# Example: Fair Partitioning of Synthetic Data

This notebook demonstrates the use of fair partitioning algorithms (FairGroups and FairKMeans) on synthetic data. We'll create a dataset with known ground truth partitions and compare how different algorithms perform in identifying fair groups.

We suppose that $L \sim \mathcal{U}(0,100)$ and corresponding $Y \sim  Bernoulli(p(L))$, where $p(L) = 0.1 \times\mathbf{1}_{\{L \leq 20\}} + 0.3 \times\mathbf{1}_{\{20 < L \leq 30\}} + 0.5\times\mathbf{1}_{\{30 < L \leq 55\}} + 0.7\times\mathbf{1}_{\{55 < L \leq 88\}} + 0.9\times\mathbf{1}_{\{88 < L \leq 100\}}$. We sample $N=50000$ pairs of observations $(L, Y)$ from this distribution $\mathcal{D}$. 

We apply FairKMeans and FairGroups methods to find the partition $\mathcal{P} = \{\mathcal{P}_k\}_{k=1}^K$ of $L$, using $\Phi(S^\mathcal{P}) = \mathbb{P}(Y = 1 | S^\mathcal{P}) - \mathbb{P}(Y = 1)$, where $S^\mathcal{P} = k \iff L \in \mathcal{P}_k, \text{ where } k=1,\dots,K$. 

In [1]:
import numpy as np

# Import fair grouping algorithms and utility functions
from fair_partition.partition_estimation import FairGroups, FairKMeans
from fair_partition.fairness_metrics import get_conditional_positive_y_proba
from fair_partition.visualization import plot_partition, plot_partition_with_ci, plot_conditional_proba

In [2]:
# Set random seed for reproducibility
np.random.seed(13)

In [3]:
# Generate synthetic data
nb_groups = 5  # Number of groups to partition into
nb_obs = 10000  # Number of observations per group

# Define ground truth partition boundaries
gt_partition = np.array([0, 20, 30, 55, 88, 100])

# Generate random feature values L uniformly distributed between 0 and 100
# This is a sensitive variable
s_min = 0  # Minimum value for feature L
s_max = 100  # Maximum value for feature L
s = np.random.uniform(0, 100, nb_obs*nb_groups)

# Generate binary labels Y with different probabilities for each group
y_probs = np.linspace(0.1, 0.9, nb_groups)  # Linearly spaced probabilities from 0.1 to 0.9
y = np.zeros(len(s))

# Assign labels based on the ground truth partition
for i in range(len(gt_partition)-1):
    mask = (s >= gt_partition[i]) & (s <= gt_partition[i+1])
    y[mask] = np.random.binomial(1, y_probs[i], np.sum(mask))

In [None]:
# Visualize the conditional probability of positive outcome given feature S
s_bins, y_s_proba = get_conditional_positive_y_proba(s, y)
plot_conditional_proba(s_bins, y_s_proba, 'L')

## FairGroups Partition of $L$

FairGroups is an algorithm that aims to create groups with similar positive outcome rates while maintaining reasonable group sizes.
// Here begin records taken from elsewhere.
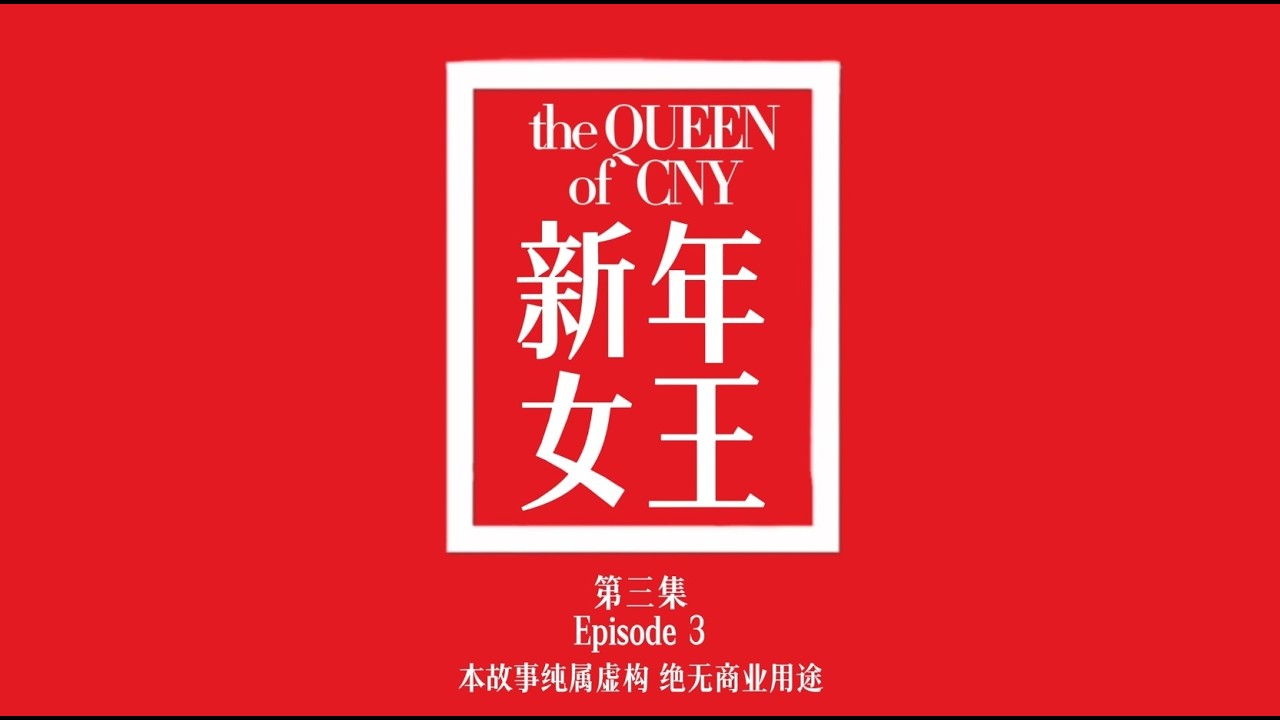SPU.NK 新年女王 第三集《减肥》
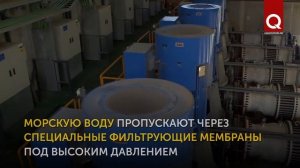 Опыт Израиля в опреснении морской воды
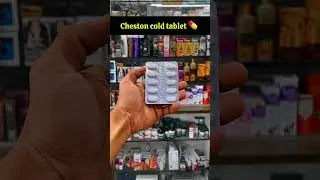 Cheston Cold Tablet &ndash;Triple‑Action Relief (Cetirizine, Paracetamol, Phenylephrine)#shorts #medical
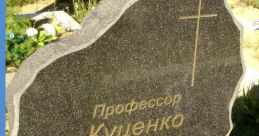 Виктор Куценко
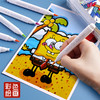 开学季！双十二活动！【万物皆可画 升级软头丙烯马克笔 】软头丙烯马克笔儿童不透色小学生美术专用无毒可水洗水性绘画本软头笔芯画笔炳漆12色24色48色60色80色 商品缩略图3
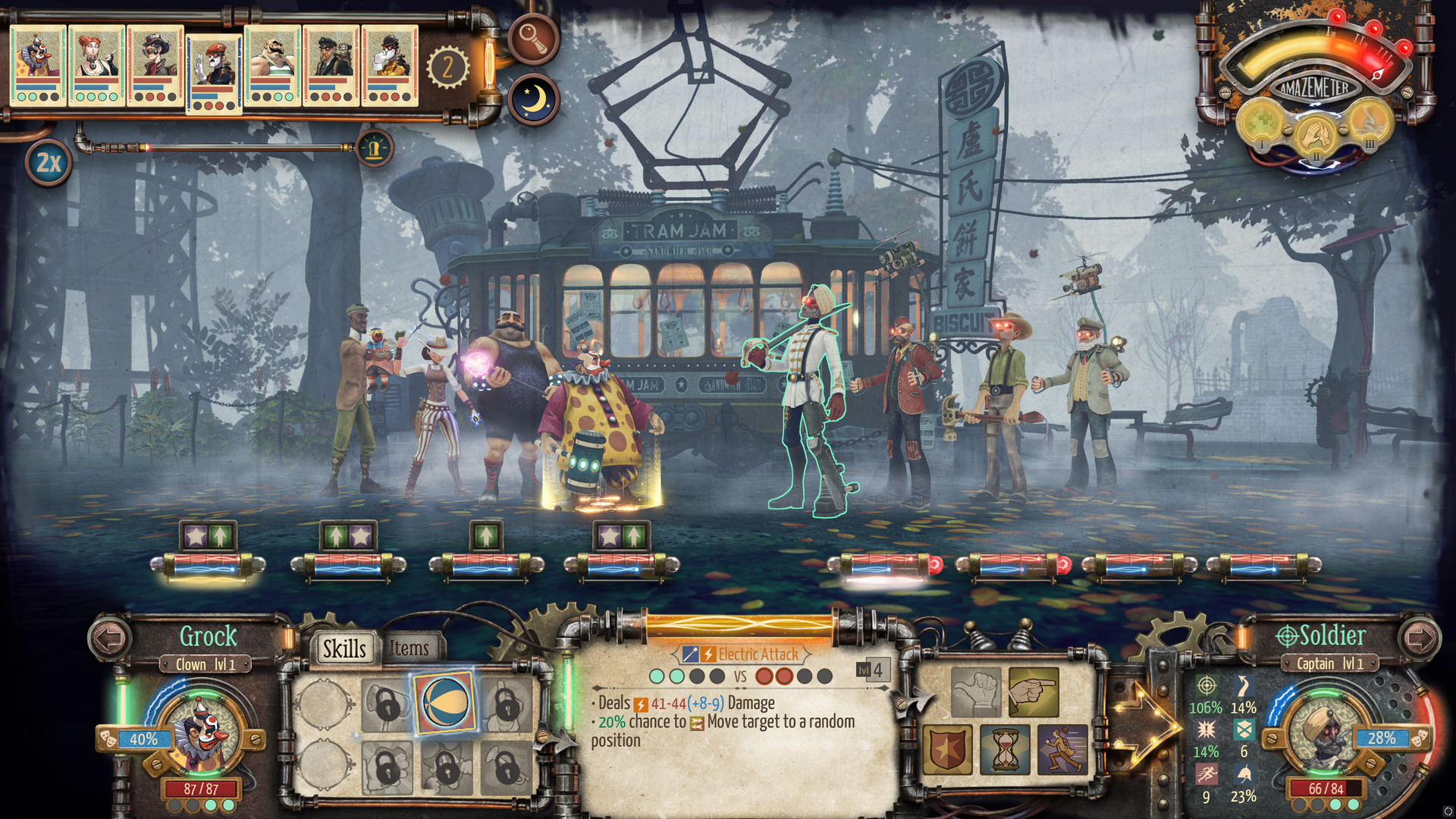Circus Electrique PC Steam CD Key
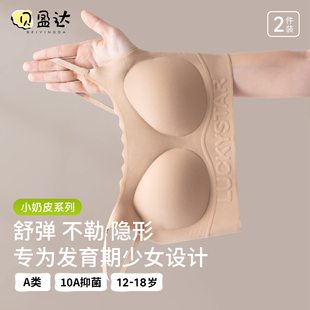 高中生少女内衣文胸青少年女孩青春发育期15岁初中学生女大童背心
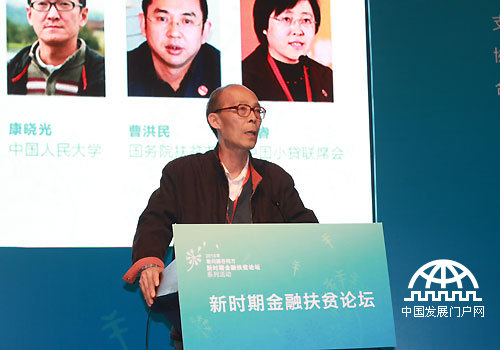 新时期金融扶贫论坛在京举行，中国小额信贷联盟理事长、中国社会科学院农村发展研究所研究员杜晓山演讲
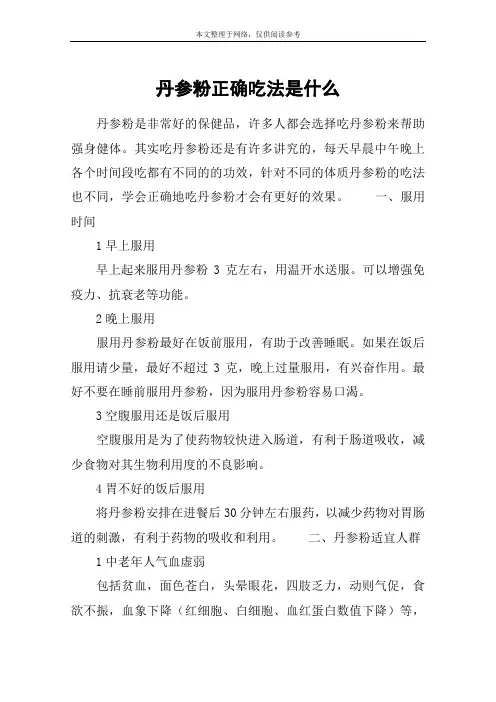 丹参粉正确吃法是什么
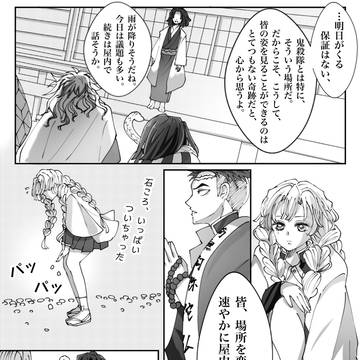 君に贈る縞々の靴下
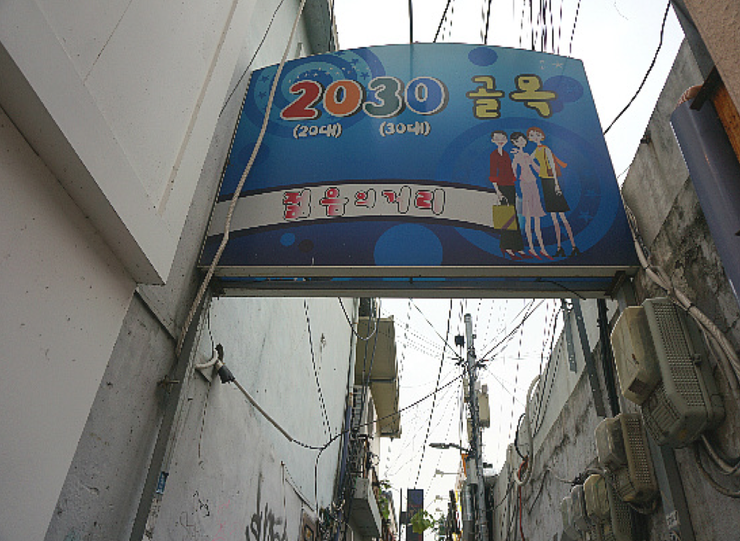 고.굽.집 이미지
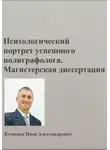 Иван Кузнецов - Психологический портрет полиграфолога. Магистерская диссертация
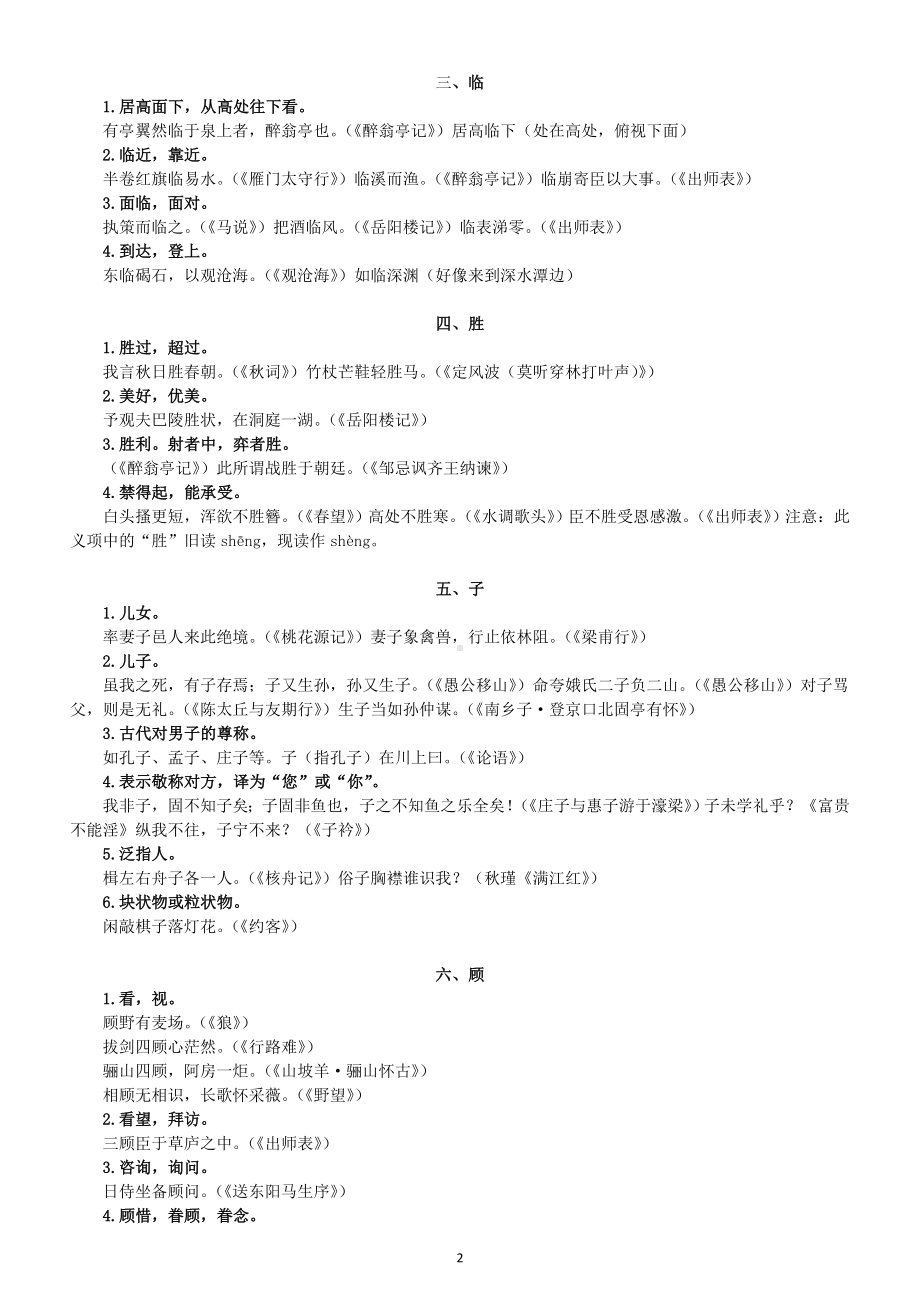 初中语文中考文言文重点实词汇总（共13个）.doc_第2页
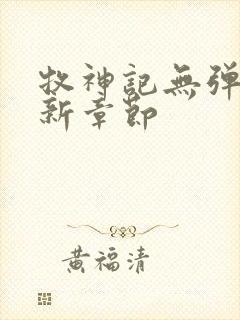 牧神记无弹窗最新章节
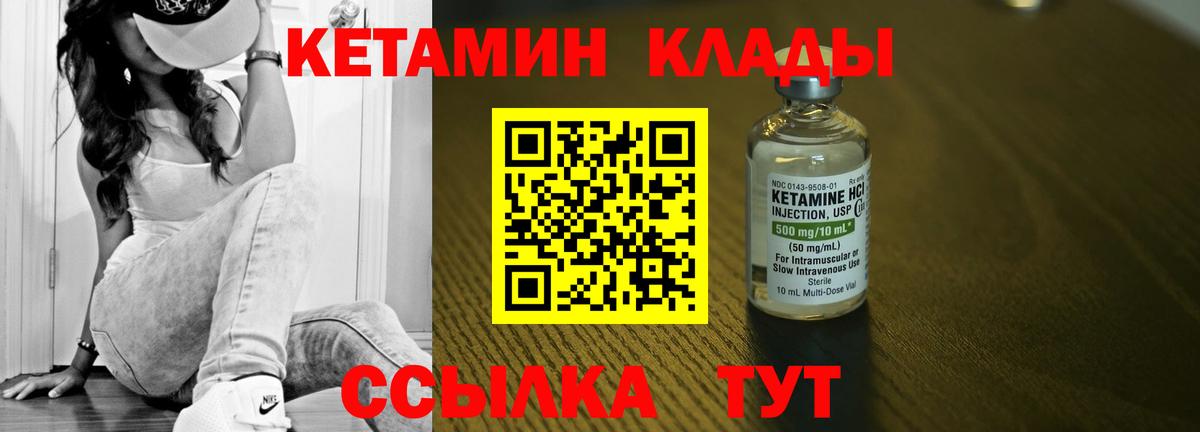 КЕТАМИН VHQ Конаково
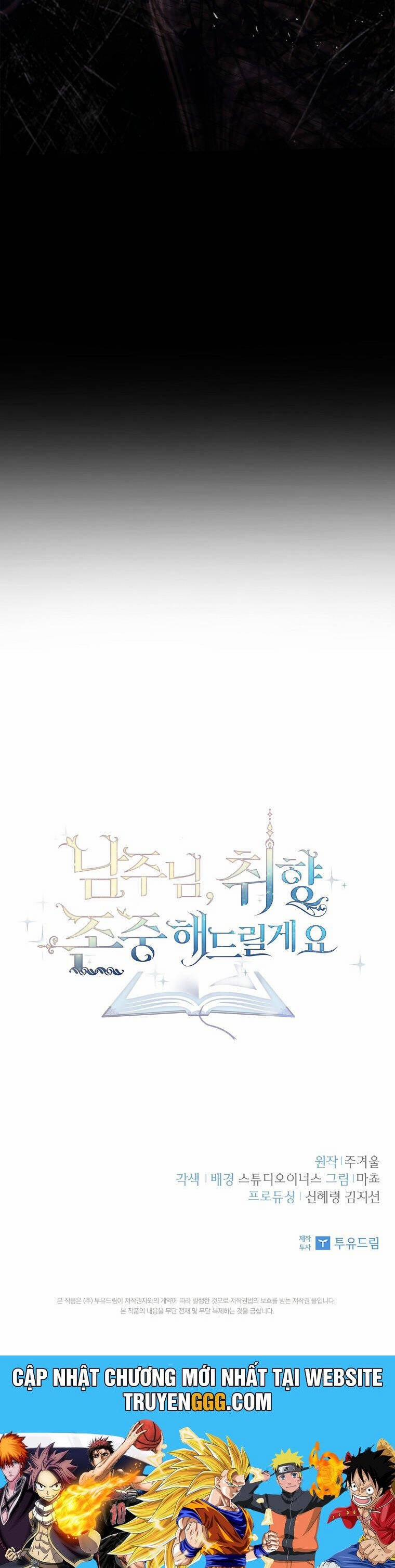 Nam Chính À, Tôi Sẽ Tôn Trọng Sở Thích Của Anh! 66 trang 59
Let's see how it performs on our synthetic data.

In [None]:
# Initialize and fit the FairGroups algorithm
fair_groups = FairGroups(nb_groups)
fair_groups.fit(s, y)

In [None]:
# Display the positive outcome rates (phi) for each group
fair_groups.phi_by_group

In [None]:
# Display confidence intervals for the positive outcome rates
fair_groups.phi_by_group_ci

In [None]:
# Visualize the partition and group-wise positive outcome rates
plot_partition(fair_groups.partition, fair_groups.phi_by_group, 'L')

In [None]:
# Visualize the partition with confidence intervals
plot_partition_with_ci(fair_groups.partition, fair_groups.phi_by_group_ci, 'L')

## FairKMeans Partition of $L$

FairKMeans is an alternative algorithm that uses a k-means-like approach to create fair groups. It aims to minimize the variance in positive outcome rates while maintaining reasonable group sizes.

In [None]:
# Initialize and fit the FairKMeans algorithm
fair_kmeans = FairKMeans(nb_groups)
fair_kmeans.fit(s, y)

In [None]:
# Display the positive outcome rates (phi) for each group
fair_kmeans.phi_by_group

In [None]:
# Visualize the partition and group-wise positive outcome rates
plot_partition(fair_kmeans.partition, fair_kmeans.phi_by_group, 'L')

In [None]:
# Visualize the partition with confidence intervals
plot_partition_with_ci(fair_kmeans.partition, fair_kmeans.phi_by_group_ci, 'L')